Se despidieron con un guiño de ojos y un apretón de manos. Greta no reconoció jamás al hombre con el que se había casado en secreto, creyéndose lady Marian en aquel claro del bosque donde se refugió con su Robin Hood de carne y hueso.

—Cuando llegué a Acapulco, ya le había olvidado. Me encaminé a la pensión siguiendo el mapa mental que me diseñó Bartek, pero sin la más remota idea de qué demonios hacía yo en aquel país de locos, sola, aferrada al bolsito gris en el que escondí la pistola y sin más esperanza que la de instalarme en aquella sucia habitación y aguardar.

—Entonces apareció Thomas Bouvier —comprendió Clara.

—Era un hombre muy mayor —recordó Greta asintiendo—. Estaba más cerca de los ochenta que de los setenta, pero poseía un porte muy distinguido, una apariencia noble, de aristócrata europeo, una voz firme y unos modos tan refinados que fue capaz de mostrarme la juventud de su alma a través de su vieja armadura de caballero. Me dijo: «Me llamo Thomas Bouvier, y no puedo ofrecerle más que mi sincera amistad. Lamento no tener treinta años menos para regalárselos todos». — Sonrió nostálgica—. Me acogió en su casa, me alimentó, me consintió, me hizo sentir bella en el más amplio sentido de la palabra. Me convirtió en la reina de Acapulco, y él fue mi trono, mi emperador. Me llamaba güera, güerita, como la gente del mercado, me regaló un tesoro de piedras preciosas y una boda de cuento de hadas.

Y fue capaz de morirse de amor.

—En la noche de bodas —recordó Clara.

—Y de darme un hijo —replicó Greta—. El regalo más espléndido que nadie me ha hecho jamás. Tiene los ojos de su padre mi hijo Tom, y la misma limpieza de corazón, la misma generosidad, la misma dulzura.

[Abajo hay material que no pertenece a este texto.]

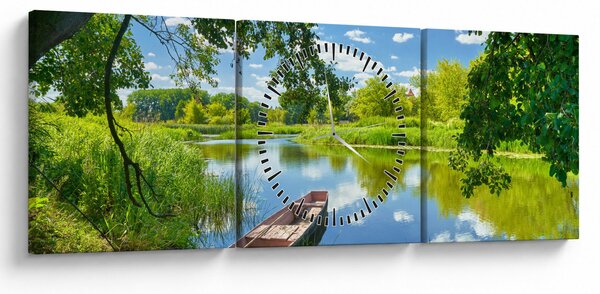 Obraz letné rieky s loďkou (s hodinami) (90x30 cm)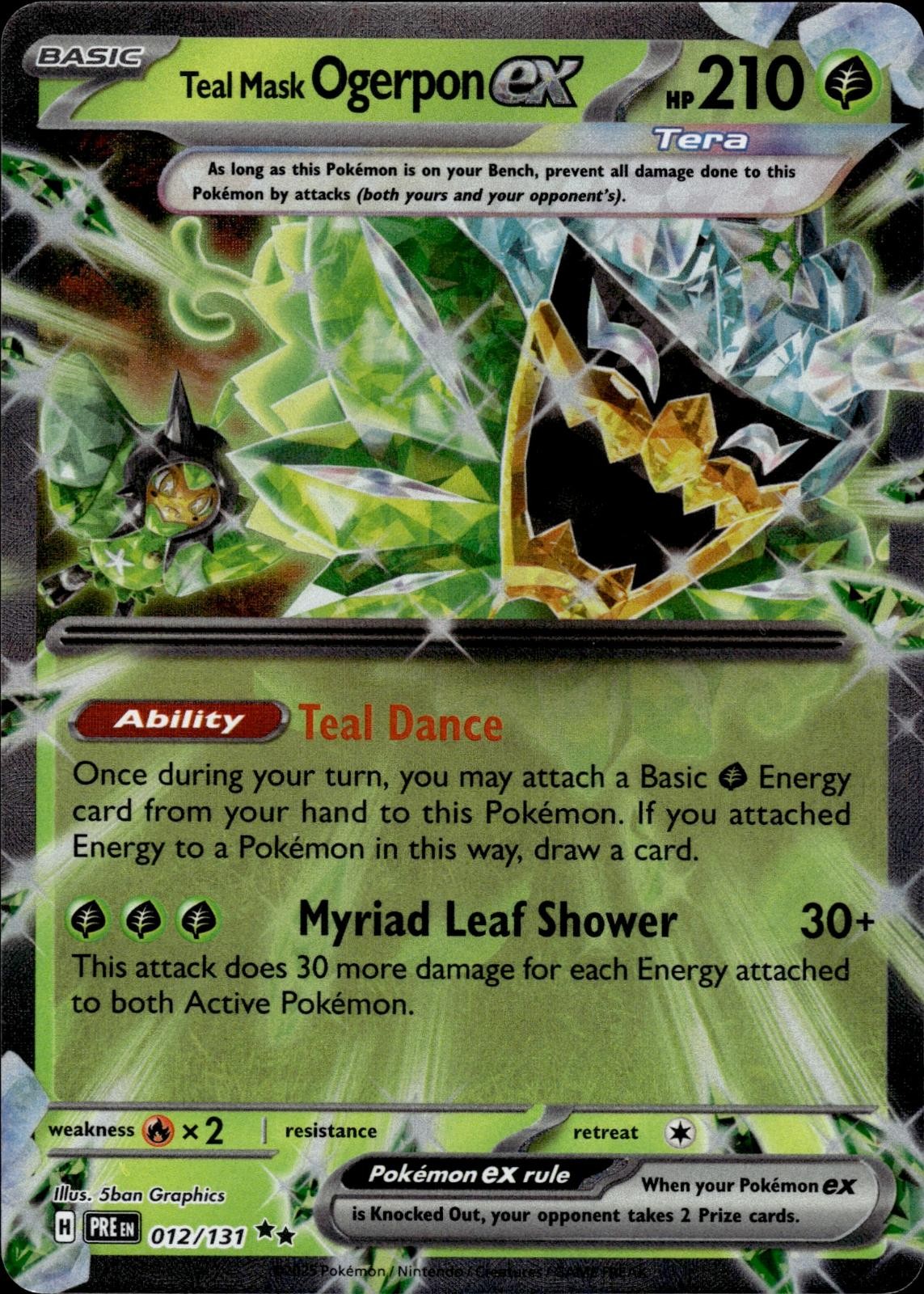 NM Pokemon Teal Mask Ogerpon ex 012/131 Holo PRE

—Bárbara Rivera —comenzó Clara.

—Ya —atajó Greta—. Ella piensa que maté a mi esposo de un infarto aquella noche. —Sonrió—. Es otra manera de verlo. Yo prefiero pensar que Thomas se arriesgó, consciente de la debilidad de su corazón, y que no hubiera dejado de amarme a pesar de todo. Si ignoraba los consejos de su médico en cuanto a las comidas y el tabaco, ¿no iba a desobedecerle también en lo referente al amor? Su vida se acababa de todas formas y él sólo deseaba que un hijo suyo ocupara su lugar en este mundo. Que heredara sus bienes, el fruto de su trabajo, que contemplara el mar desde el arrecife y que escuchara el aleteo de las gaviotas, que saboreara el zumo de las naranjas más dulces, que adorara a su madre como se adora a una diosa pagana, que se enamorara de una mujer con la misma intensidad que lo hizo él y que llevara su nombre, Thomas Bouvier, como una premonición, anticipando el sufrimiento infinito de los que más capacidad tienen de amar.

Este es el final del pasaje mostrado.